Home / Industry / Media /  Goa govt orders probe in ‘Tehelka’ issue; action after police report

New Delhi: The Goa government on Thursday ordered an inquiry into allegations of sexual assault by Tarun Tejpal, editor of Tehelka magazine, on a junior colleague at the magazine’s annual THiNK Fest 2013 conference in Goa earlier this month.

Goa chief minister Manohar Parrikar told PTI that “if we find any substance against Tejpal, a suo moto case can be registered against him since the incident happened in Goa. Only after police report, I would be able to speak more on the issue".

Goa’s deputy inspector general of police O.P. Mishra said police had asked for complete closed-circuit television footage of the days during which the two incidents of assault were alleged to have taken place. “Only after we get the footage of the tape we will be able to comment further," Mishra said.

Tejpal on Wednesday announced that he was “recusing" himself from his job for six months after the woman journalist at Tehelka complained of sexual assaults by him.

In her written complaint to Tehelka managing editor Shoma Chaudhury, the journalist alleged Tejpal sexually assaulted her in a hotel in Goa during the 8-10 November conference.
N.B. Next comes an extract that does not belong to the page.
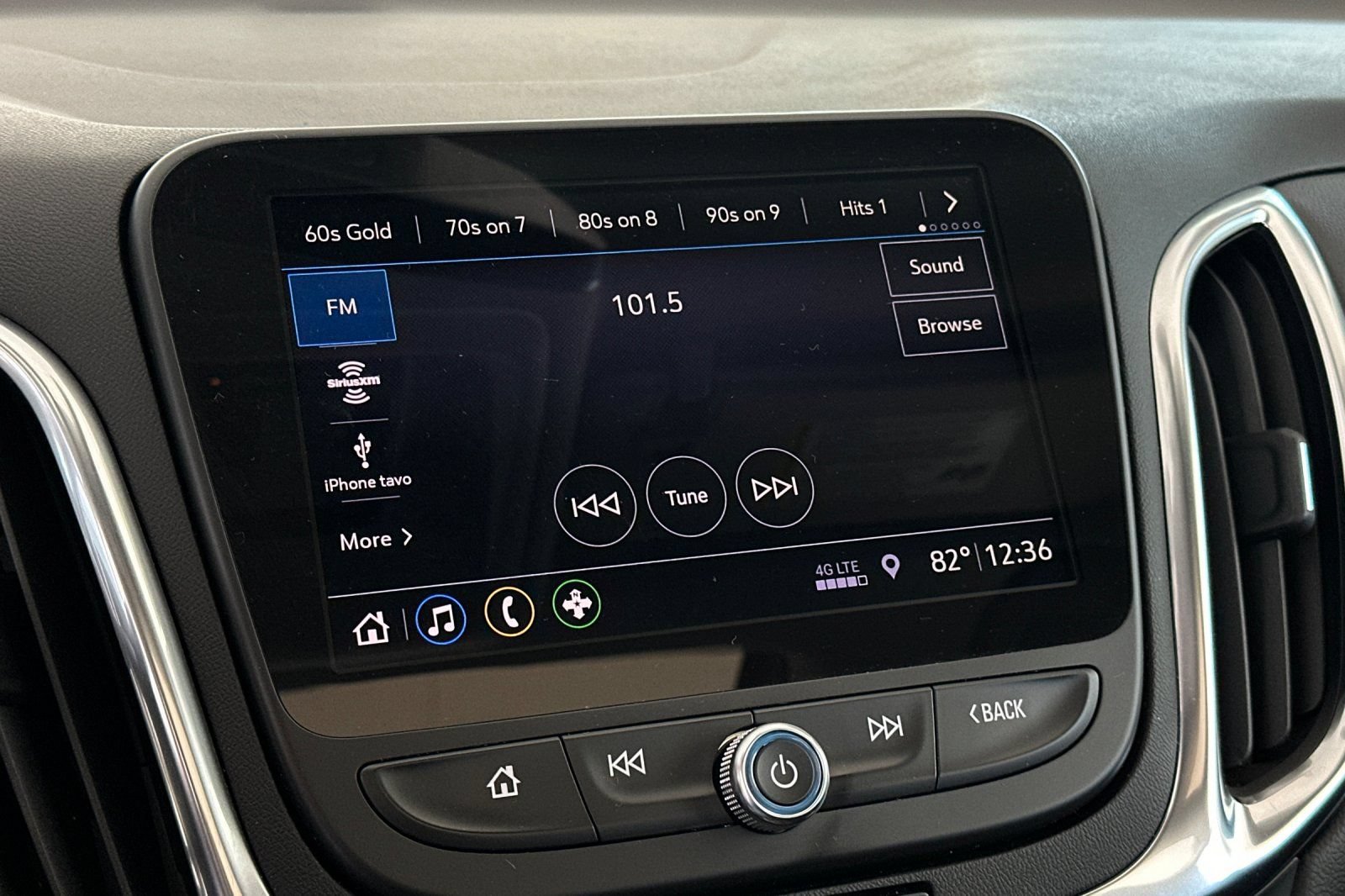 Used 2021 Chevrolet Equinox Premier FWD image 25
She is said to have sought the establishment of a committee by the magazine to go into her complaints and take action.

On Thursday evening, Chaudhury said in a message posted on Tehelka’s website that the magazine has “now constituted a formal complaints committee, in accordance to Vishaka guidelines, to be presided over by Urvashi Butalia, eminent feminist and publisher, to investigate the matter."

The Vishaka guidelines refer to a set of requirements for employers dealing with complaints of sexual assaults, laid down by the Supreme Court in a 1997 judgment.
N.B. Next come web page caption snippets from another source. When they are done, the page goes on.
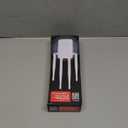 WiFi Extender Internet Booster, Long Range Repeater Wireless Routers Amplifier, Mesh Wi-Fi 80% Faster | Broader Than Ever, Support More Network Devices at Home, 1-Tap Setup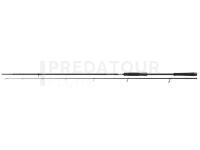 Canne Daiwa Caldia Jiggerspin 2.40m 7-28g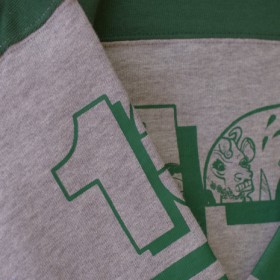 BLOOD WOMENS 13 L/S T-SHIRTS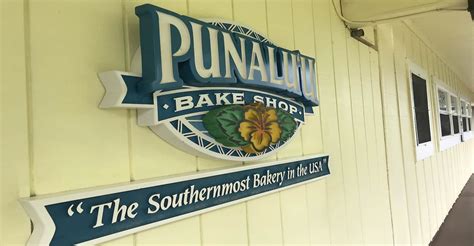 Punaluu bake shop. Things To Know About Punaluu bake shop.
Chaudhary also said Tehelka will ensure the “setting up of a formal complaints committee, according to section 4 of the Sexual Harassment of Women (Prevention, Prohibition and Redressal Act, 2013), an institutional mechanism that was sorely missing in Tehelka."

People familiar with the woman journalist had said she was weighing her options and would probably be willing to cooperate with the inquiry that has been initiated by the Goa government.

“Her main aim is to make sure there is an institutional apparatus within Tehelka, such as a sexual harassment committee that would look into such matters," Kavita Krishnan, secretary, All India Progressive Women’s Association said before Tehelka announced its intention to set up such a committee.

Krishnan clarified that she was not speaking on behalf of the journalist who was assaulted. However, she added that the institutional response by Tehelka had been shabby.

With regard to the legal options available to the victim, Supreme Court advocate Karuna Nundy said, “She can file a criminal case, a suit in court asking for financial damages, in addition to a writ petition through which the government can instruct Tehelka to set up a sexual harassment committee." She said the absence of a sexual harassment committee in Tehelka was “surprising".

Nundy said there are larger issues that need to be addressed as well. “The only manner through which this can be weeded out is (through) the law wielding a stick and an internal conviction that would sensitize and habituate a sense of control among relevant actors in the workplace and beyond," she added.

A clutch of human resources (HR) experts believe that a third-party investigation is the best practice for organizations to follow, especially if members of top management are involved in sexual harassment cases. “They should have had an anti-sexual harassment committee in place. For a path-breaking organization like Tehelka, which has strongly upheld several causes, you need to be scrupulous in every dimension, including the internal ones. It is unfortunate that they do not have a mechanism or an established ecosystem in place to address such issues for the employee stakeholder," said Hema Ravichandar, strategic HR adviser and former HR head at Infosys Ltd.

“Given what has happened so far, there is no confidence that this matter can be handled impartially, internally," she added.

Siddharth Varadarajan, former Editor of The Hindu newspaper, believes media organizations need to create a conducive environment for female workers and to make sure they critically examined such incidents. “How can you speak truth to power if you are unwilling to critically examine your own industry?" he asked. “People are fed up with the media holding their own members to other standards."

Meanwhile, PTI reported that the revelations about the alleged sexual assaults have cost Tejpal membership of the Prasar Bharti board.

Tejpal was selected as a member of the board on Tuesday by a committee headed by vice-president Hamid Ansari, people familiar with the situation said. Soon after the allegations came to light last night, Ansari asked the information and broadcasting ministry to cancel Tejpal’s membership, these people added.